「高校地学」がヤバい…「内容は面白い」のに「異常な履修率」に陥っている理由
1963年に創刊されて以来、「科学をあなたのポケットに」を合言葉に、これまで2000冊以上のラインナップを世に送り出してきたブルーバックス。本連載では、そんなブルーバックスをつくっている編集部メンバーによるコラムをお届けします。その名も「ブルーバックス通信」。どうぞお楽しみください! 【写真】なぜ日本には地震が多いのか…地球科学で見る「列島の異変」と「次の大地震」
記憶のなかの高校理科
「高校のとき、理科は何を選択してた?」 ブルーバックス編集部にいるからか、何気ない会話のなかにしばしば登場する話題です。

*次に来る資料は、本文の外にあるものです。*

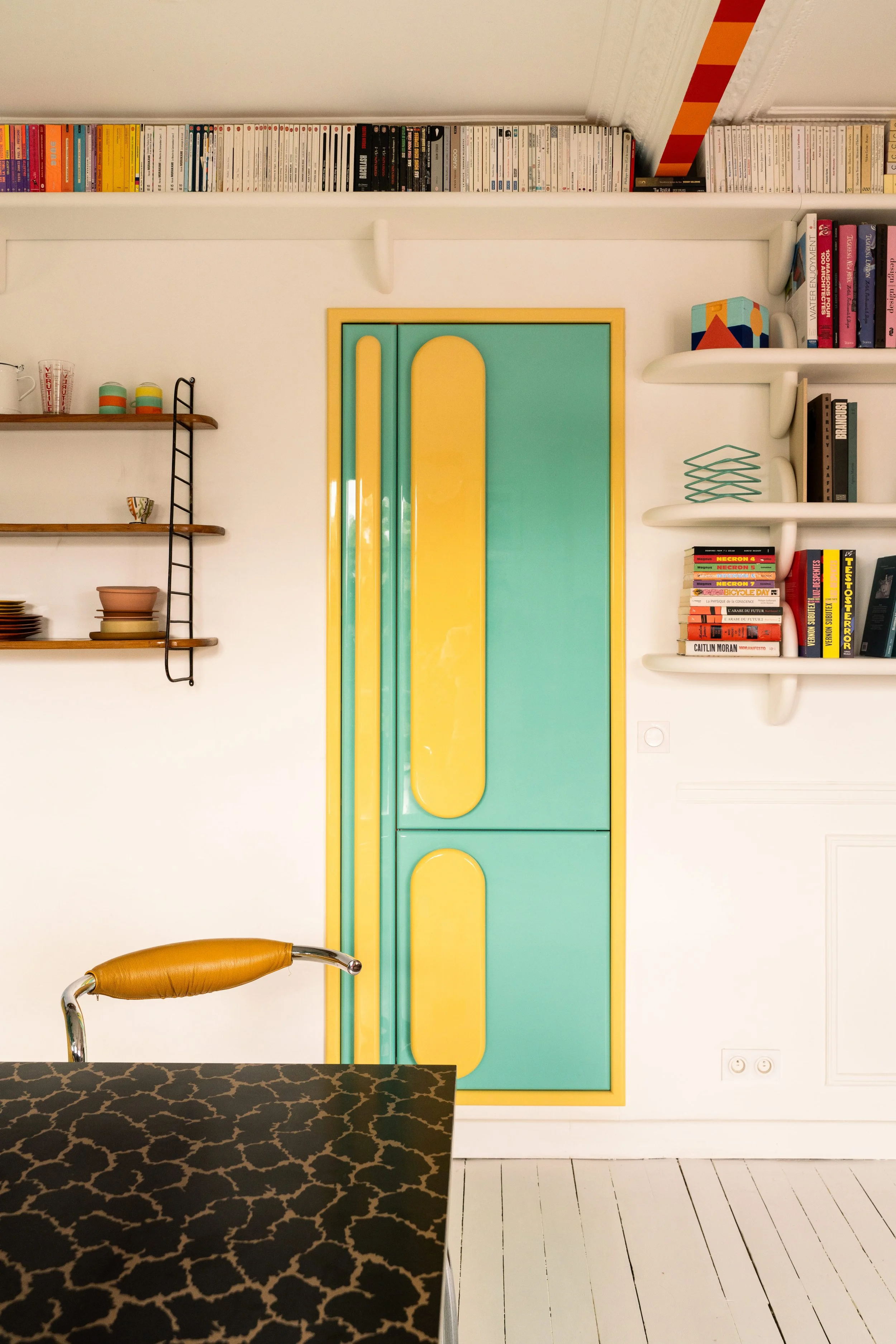 contemporary-paris-kitchen-design-lacquered-surfaces.jpg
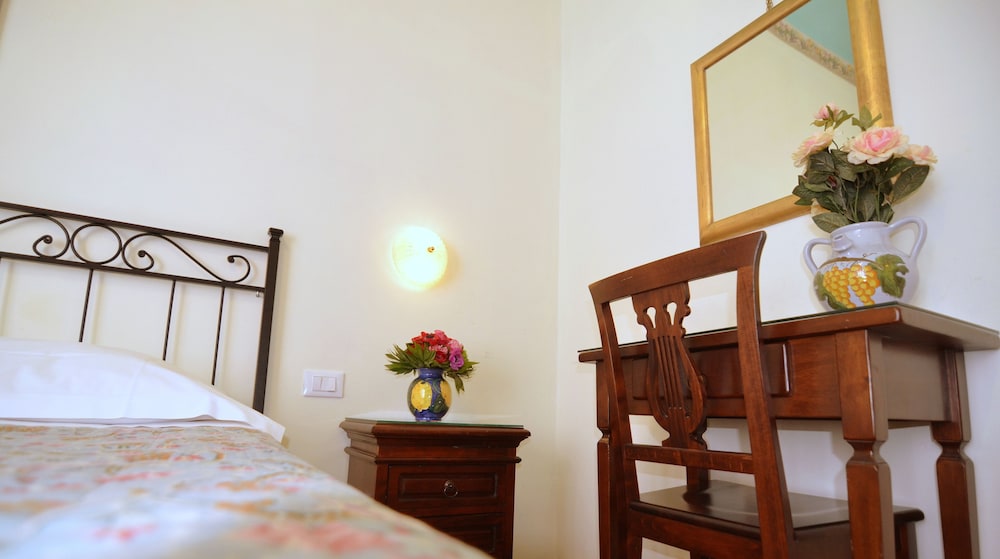 Standard Room, Non Smoking, Ensuite photo 1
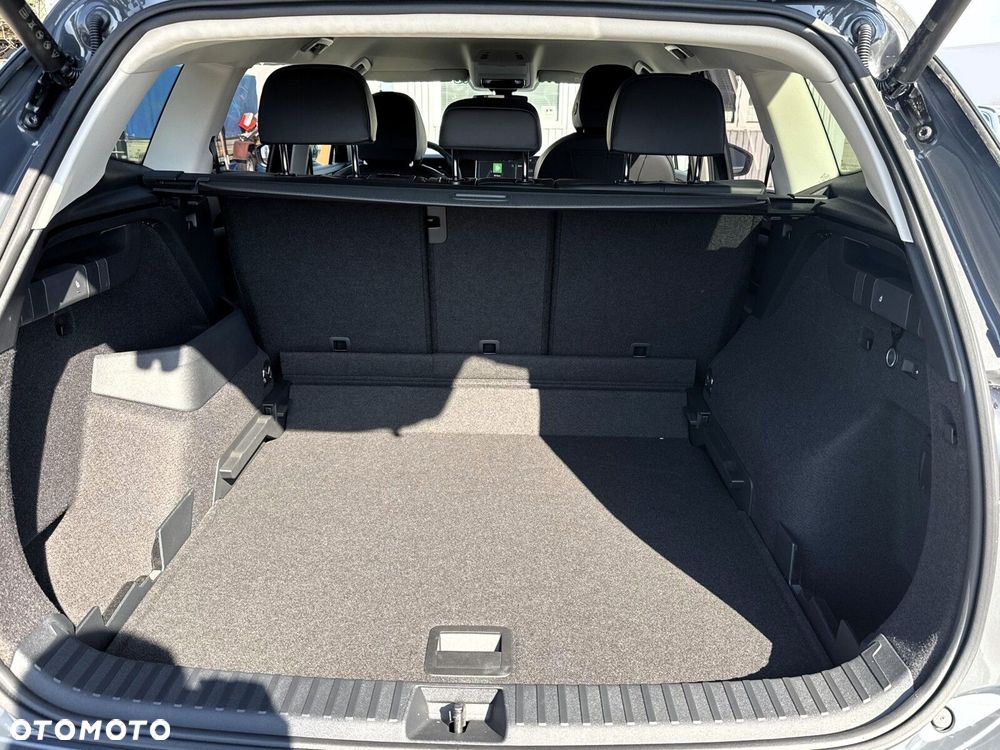 Volkswagen Tayron 2.0 TDI SCR 4Mot Elegance DSG - 32
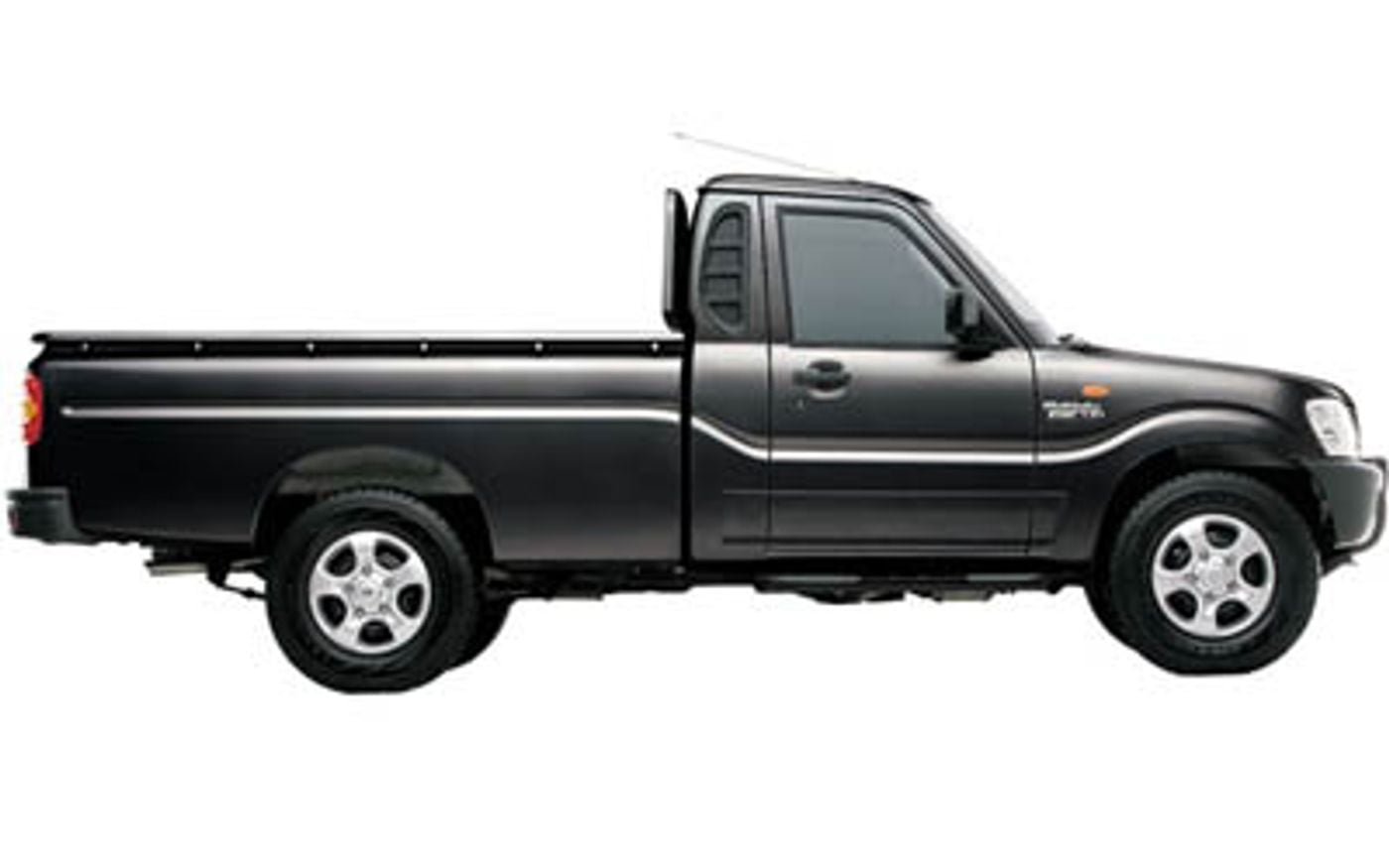 Hero image of a new Mahindra Pik-Up Base (2009) price & specs available with CarExpert deals.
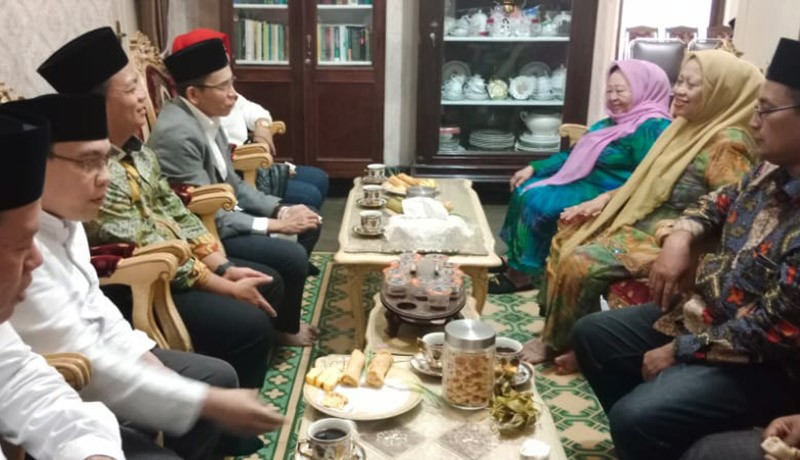 TGB Zainul Majdi Silaturahmi ke Ponpes Bahrul Ulum Tambak Beras - Bagian 2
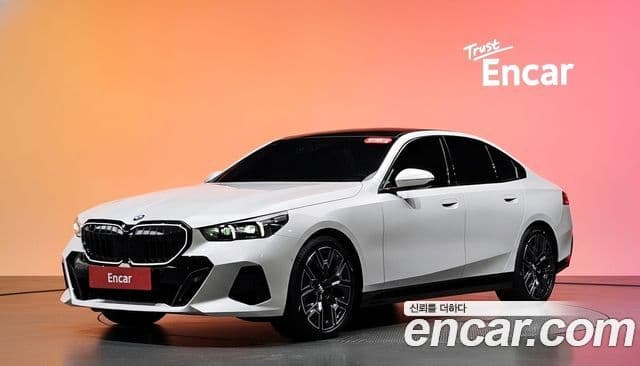 BMW 5 Series 2025 — Фото 1/20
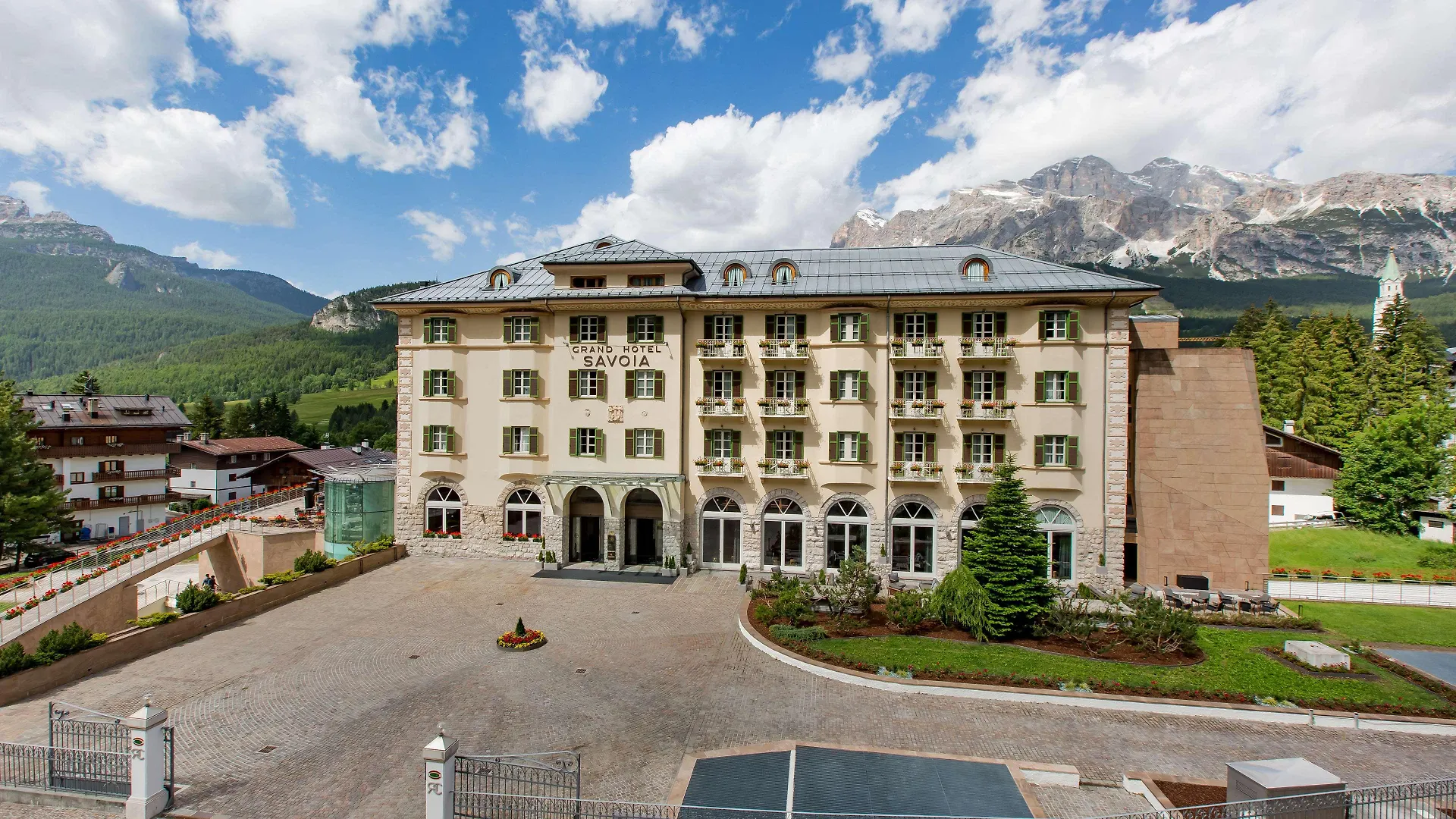 Grand Hotel Savoia Cortina D'Ampezzo, A Radisson Collection Hotel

「受験では物理と化学」「自分は化学と生物だった。物理がてんでダメだったから」「生物だけは真面目に受けてたな」「まったく記憶にございません(キリッ」などなど……文系理系、志望の大学・学部によっても、その答えは人それぞれ。大学受験の思い出とともに、思いのほか盛り上がるトークテーマです。 高校理科は、「物質・エネルギー」(物理)、「粒子・反応」(化学)、「生命・進化」(生物)、「地球・宇宙」(地学)の4つの科目から成り立っています。「物理基礎」「物理」のように、それぞれ基礎科目と発展科目があります。基礎系3科目が必修であることが多いですが、上述のように、受験で用いた科目が記憶に残りやすいかと思います。 そんな「高校理科」ですが、もし地学について熱く思い出を語る人に出会ったら(とりわけ「地学基礎」ではなく「地学」を履修した人なら)、その人との縁はぜひ大事にしてください。じつは、想像以上に「レア」な逸材なのです!
高校地学の履修率は、なんと…!
現在の高校地学は、「地学」「地学基礎」ともに平成 21(2009) 年に改訂された内容で、(1)地球の概観、(2)地球の活動と歴史、(3)地球の大気と海洋、(4)宇宙の構造の4つの大項目から構成されています。 どれくらいの人が、地学を高校で学んでいるのでしょうか。文部科学省「令和5(2023)年度公立高等学校における教育課程の編成・実施状況調査の結果について」における「科目の開設状況」を見てみましょう。すると、驚きの現状が明らかになりました。 「生物」の講座を開設している高校は87.7%、「物理」は81.0%、「化学」は78.2%なのに対して、「地学」科目を開設している高校は、なんと7.4%しかありません。裏返せば、92.6%の高校では「地学」の授業が取れない、つまり、ほとんどの高校で「地学」が学びたくても学べない状況になってしまっている、といえます。 履修率でみても、令和1(2019)年度で「0.9%」と、衝撃的な低さです(吉田幸平、高木秀雄「高等学校理科『地学基礎』『地学』開設率の都道府県ごとの違いとその要因」『地学雑誌』129、2020年)。 その最大の理由は、入試科目に「地学」を選択することを不可にしている大学が多いことといえるでしょう。実際に、共通テスト「理科2」の受験者数をみても、物理(14万6041人)、化学(18万2359人)、生物(5万7878人)にくらべて、地学はわずか1356人と明らかに少なくなっています。